▸ Source records:
===============

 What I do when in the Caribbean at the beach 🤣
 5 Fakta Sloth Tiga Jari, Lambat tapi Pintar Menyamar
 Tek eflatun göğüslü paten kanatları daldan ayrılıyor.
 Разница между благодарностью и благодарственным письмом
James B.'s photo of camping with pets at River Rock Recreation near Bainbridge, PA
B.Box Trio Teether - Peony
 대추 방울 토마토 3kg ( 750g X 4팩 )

===============

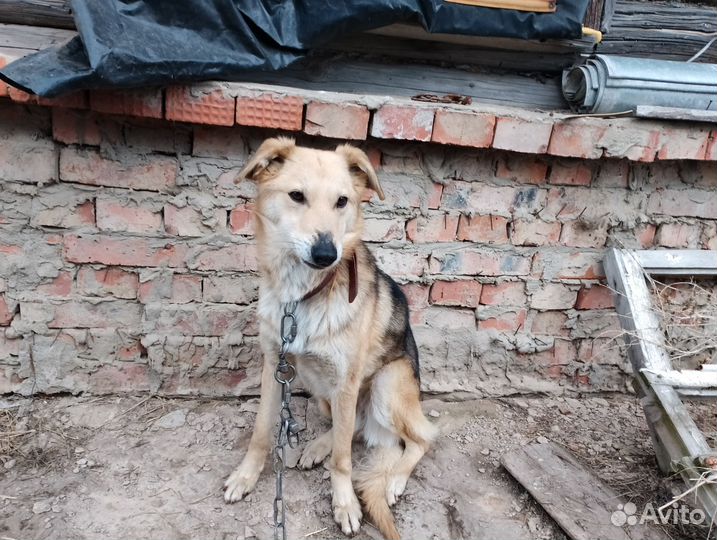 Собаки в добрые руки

===============

Your answer should be the lines above, from the line containing "James B.'s photo" up to and including the line containing "대추 방울 토마토 3kg ( 750g X 4팩 )", reproduced exactly and with nothing else.

▸ Response to this exercise:
James B.'s photo of camping with pets at River Rock Recreation near Bainbridge, PA
B.Box Trio Teether - Peony
 대추 방울 토마토 3kg ( 750g X 4팩 )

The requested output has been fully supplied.